Bank earnings continue to come in, and to no one's surprise, they're strong. Bank of America reported better than expected net profit of $340mm ($6.2B prior year), as it took hits for $1.9B in accounting adjustments, $1.6B legal expense related to Merrill Lynch and $800k in tax related charges. The bank reported revenue fell to $20.4B ($28.5B one year ago); mobile customers surpassed 11mm; had a 48% drop in provisions for credit losses; mortgage originations climbed 18% and small business lending jumped 27% YOY. U.S. Bancorp reported record profit of $1.4B, up 15.8% over prior year. Compared to the prior year, average total loans grew 7.3% (C&I up 19%, CRE up 21%); noninterest bearing deposits climbed 16%; NIM was 3.59% vs. 3.65%; allowance was 2.26% vs. 2.66% and the efficiency ratio declined to 49.1% vs. 50.0%. M&T Bank reported a 34c operating beat, benefiting from a surge in mortgage banking revenues (+$0.21) as well as lower credit costs (+$0.07). U.S. Bank reported operating earnings of $0.76 per share this quarter, ahead of both our estimate and the Street. The beat was driven by higher spread income (+$0.01) and core fees (+$0.03), partially offset by a higher provision (-$0.02) and expenses (-$0.01). Wintrust saw strong mortgage banking results drove a 3Q beat as operating EPS of $0.58 beat estimates. Northwest's Umpqua reported 3Q12 EPS of $0.22, in line with consensus. Lower NCOs drove a lower provision relative to our expectations, and mortgage banking revenue was up over 50% q/q.
Interest rates have indeed slid higher. The smart money thinks they're going to slide right back down here in the states. But if the European debt situation is stable, or improves, Asia begins to heat up, or our economy starts to pick up unexpectedly, all bets are off. Yesterday, for example, we had stronger-than-expected Housing Starts and encouraging news on Spain, which led to heavy locks & originator selling, and eventually intra-day price changes. By the "traditional 3PM EST" close (when the futures market closes), agency MBS prices were worse about .375 in price and the 10-yr. was at 1.81%.

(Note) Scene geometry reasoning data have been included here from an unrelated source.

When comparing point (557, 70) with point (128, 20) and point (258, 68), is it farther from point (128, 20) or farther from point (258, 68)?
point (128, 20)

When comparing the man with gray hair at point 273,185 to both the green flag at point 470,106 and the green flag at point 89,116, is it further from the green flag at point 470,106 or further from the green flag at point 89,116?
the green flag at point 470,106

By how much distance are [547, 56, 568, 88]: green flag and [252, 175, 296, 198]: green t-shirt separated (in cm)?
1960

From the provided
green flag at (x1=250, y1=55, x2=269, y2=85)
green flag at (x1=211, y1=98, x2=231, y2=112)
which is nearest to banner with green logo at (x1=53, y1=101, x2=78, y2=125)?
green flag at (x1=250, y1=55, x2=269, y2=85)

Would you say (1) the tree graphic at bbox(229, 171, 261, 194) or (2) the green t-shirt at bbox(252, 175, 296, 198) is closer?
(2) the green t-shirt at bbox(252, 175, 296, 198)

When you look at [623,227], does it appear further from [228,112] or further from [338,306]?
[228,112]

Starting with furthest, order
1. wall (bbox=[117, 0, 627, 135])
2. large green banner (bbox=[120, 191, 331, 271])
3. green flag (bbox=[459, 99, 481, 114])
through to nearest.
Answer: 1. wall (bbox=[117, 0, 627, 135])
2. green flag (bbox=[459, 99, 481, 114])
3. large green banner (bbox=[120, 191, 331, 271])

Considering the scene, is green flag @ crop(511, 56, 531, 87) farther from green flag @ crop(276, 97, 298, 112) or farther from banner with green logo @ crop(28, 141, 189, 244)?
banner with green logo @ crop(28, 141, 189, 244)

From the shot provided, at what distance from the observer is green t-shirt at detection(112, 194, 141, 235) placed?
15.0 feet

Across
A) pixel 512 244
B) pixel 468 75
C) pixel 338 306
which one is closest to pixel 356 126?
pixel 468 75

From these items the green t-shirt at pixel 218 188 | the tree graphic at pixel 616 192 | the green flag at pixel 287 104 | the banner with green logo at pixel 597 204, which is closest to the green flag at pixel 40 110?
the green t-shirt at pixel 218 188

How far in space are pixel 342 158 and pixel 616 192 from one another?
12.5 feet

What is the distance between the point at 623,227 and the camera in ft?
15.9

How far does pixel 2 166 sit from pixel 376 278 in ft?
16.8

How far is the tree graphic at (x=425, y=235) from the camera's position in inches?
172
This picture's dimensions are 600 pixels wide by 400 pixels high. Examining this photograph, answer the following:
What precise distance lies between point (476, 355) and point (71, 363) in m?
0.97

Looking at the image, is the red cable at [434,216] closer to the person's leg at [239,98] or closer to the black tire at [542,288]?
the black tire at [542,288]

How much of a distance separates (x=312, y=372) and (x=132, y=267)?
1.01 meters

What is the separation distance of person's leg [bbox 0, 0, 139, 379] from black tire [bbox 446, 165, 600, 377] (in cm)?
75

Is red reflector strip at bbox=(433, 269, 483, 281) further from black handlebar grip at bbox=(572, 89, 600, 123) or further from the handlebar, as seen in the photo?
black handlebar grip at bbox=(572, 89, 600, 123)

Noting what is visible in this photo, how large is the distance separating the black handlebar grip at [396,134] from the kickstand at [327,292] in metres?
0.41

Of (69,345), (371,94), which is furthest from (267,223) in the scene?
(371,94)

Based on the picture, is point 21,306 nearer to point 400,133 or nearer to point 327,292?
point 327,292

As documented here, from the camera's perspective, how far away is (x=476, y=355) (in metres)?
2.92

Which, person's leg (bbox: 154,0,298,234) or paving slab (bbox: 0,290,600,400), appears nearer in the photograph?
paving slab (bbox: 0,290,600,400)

For thrills and chills today we have Initial Jobless Claims (expected to increase to 365k), Leading Economic Indicators (expected to improve) and the Philly Fed Survey for October. In the very early going rates have improved slightly, with the 10-yr down to 1.80% and MBS prices better by about .125.
John was in the fertilized egg business. He had several hundred young layers (hens), called 'pullets,' and ten roosters to fertilize the eggs. He kept records, and any rooster not performing went into the soup pot and was replaced. This took a lot of time, so he bought some tiny bells and attached them to his roosters. Each bell had a different tone, so he could tell from a distance, which rooster was performing. Now, he could sit on the porch and fill out an efficiency report by just listening to the bells.

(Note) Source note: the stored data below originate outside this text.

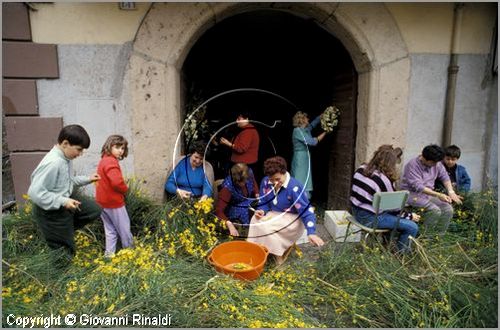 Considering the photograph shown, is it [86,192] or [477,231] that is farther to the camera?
[86,192]

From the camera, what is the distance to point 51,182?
8.29 feet

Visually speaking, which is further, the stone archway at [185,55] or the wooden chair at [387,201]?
the stone archway at [185,55]

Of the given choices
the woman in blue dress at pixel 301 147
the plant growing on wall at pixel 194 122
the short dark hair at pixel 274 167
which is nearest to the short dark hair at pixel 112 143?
the plant growing on wall at pixel 194 122

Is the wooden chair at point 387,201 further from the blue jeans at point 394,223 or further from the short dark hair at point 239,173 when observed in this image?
the short dark hair at point 239,173

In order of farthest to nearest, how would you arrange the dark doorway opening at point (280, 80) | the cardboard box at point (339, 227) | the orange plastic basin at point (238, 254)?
the dark doorway opening at point (280, 80) → the cardboard box at point (339, 227) → the orange plastic basin at point (238, 254)

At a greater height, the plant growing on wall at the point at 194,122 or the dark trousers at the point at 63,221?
the plant growing on wall at the point at 194,122

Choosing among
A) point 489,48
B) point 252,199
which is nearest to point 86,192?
point 252,199

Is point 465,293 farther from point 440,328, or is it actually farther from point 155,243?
point 155,243

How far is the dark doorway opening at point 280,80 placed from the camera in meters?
4.75

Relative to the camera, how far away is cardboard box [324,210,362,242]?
12.2ft

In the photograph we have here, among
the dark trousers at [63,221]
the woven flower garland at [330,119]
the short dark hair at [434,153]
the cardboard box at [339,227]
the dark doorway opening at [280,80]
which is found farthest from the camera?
the dark doorway opening at [280,80]

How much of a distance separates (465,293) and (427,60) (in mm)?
2911

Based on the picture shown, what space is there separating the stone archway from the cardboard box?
85 centimetres

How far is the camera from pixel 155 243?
128 inches
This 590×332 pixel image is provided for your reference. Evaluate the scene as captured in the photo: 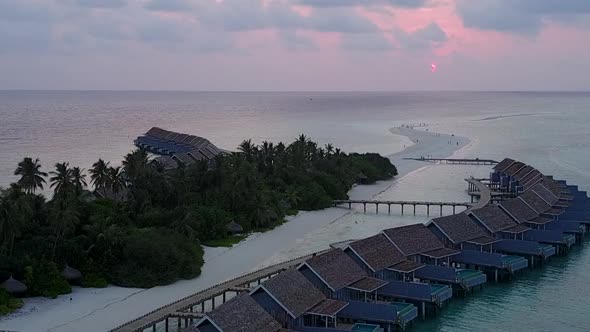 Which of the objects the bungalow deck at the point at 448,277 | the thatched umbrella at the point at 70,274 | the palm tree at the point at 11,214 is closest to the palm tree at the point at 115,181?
the palm tree at the point at 11,214

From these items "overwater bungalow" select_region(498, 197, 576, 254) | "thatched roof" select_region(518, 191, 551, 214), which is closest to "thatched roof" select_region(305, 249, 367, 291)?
"overwater bungalow" select_region(498, 197, 576, 254)

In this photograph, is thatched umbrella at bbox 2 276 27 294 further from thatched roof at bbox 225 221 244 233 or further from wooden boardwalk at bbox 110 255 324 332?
thatched roof at bbox 225 221 244 233

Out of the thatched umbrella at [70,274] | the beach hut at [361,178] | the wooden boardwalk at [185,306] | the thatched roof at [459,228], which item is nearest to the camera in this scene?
the wooden boardwalk at [185,306]

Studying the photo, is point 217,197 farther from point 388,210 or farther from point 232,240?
point 388,210

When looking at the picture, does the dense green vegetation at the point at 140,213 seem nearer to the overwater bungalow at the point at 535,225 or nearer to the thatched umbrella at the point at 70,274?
the thatched umbrella at the point at 70,274

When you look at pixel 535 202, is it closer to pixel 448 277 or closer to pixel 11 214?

John's favorite rooster, old Butch, was a very fine specimen, but this morning he noticed old Butch's bell hadn't rung at all! When he went to investigate, he saw the other roosters were busy chasing pullets, bells-a-ringing, but the pullets, hearing the roosters coming, would run for cover. To John's amazement, old Butch had his bell in his beak, so it couldn't ring. He'd sneak up on a pullet, do his job and walk on to the next one.

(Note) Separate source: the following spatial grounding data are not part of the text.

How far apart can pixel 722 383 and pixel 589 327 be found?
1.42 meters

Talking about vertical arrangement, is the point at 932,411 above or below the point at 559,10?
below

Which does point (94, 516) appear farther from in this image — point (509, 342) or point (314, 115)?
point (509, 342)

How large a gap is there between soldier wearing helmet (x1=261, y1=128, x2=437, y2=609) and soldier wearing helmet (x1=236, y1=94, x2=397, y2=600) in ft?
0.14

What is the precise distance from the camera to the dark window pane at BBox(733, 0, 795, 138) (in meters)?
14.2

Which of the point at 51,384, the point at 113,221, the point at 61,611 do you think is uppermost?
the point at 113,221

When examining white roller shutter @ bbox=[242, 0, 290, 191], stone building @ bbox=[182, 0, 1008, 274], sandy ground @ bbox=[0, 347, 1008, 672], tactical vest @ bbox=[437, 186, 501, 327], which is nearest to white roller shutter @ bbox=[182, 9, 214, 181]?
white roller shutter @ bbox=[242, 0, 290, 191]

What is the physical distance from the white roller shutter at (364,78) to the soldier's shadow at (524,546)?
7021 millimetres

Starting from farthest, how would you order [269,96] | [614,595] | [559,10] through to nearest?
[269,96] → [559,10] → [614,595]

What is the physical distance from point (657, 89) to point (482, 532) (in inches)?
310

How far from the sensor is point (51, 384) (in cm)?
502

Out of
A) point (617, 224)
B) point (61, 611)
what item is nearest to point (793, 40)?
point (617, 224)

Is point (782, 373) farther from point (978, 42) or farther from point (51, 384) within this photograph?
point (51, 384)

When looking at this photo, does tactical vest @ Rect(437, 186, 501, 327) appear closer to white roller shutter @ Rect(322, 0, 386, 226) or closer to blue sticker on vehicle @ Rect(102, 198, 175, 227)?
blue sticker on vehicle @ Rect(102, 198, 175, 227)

John was so proud of old Butch, he entered him in the Saint Lawrence County Fair and he became an overnight sensation among the judges.
The result was the judges not only awarded old Butch the "No Bell Piece Prize," but they also awarded him the "Pulletsurprise" as well.
Clearly old Butch was a politician in the making. Who else but a politician could figure out how to win two of the most coveted awards on our planet by being the best at sneaking up on the unsuspecting populace and screwing them when they weren't paying attention.
Vote carefully this fall, the bells are not always audible.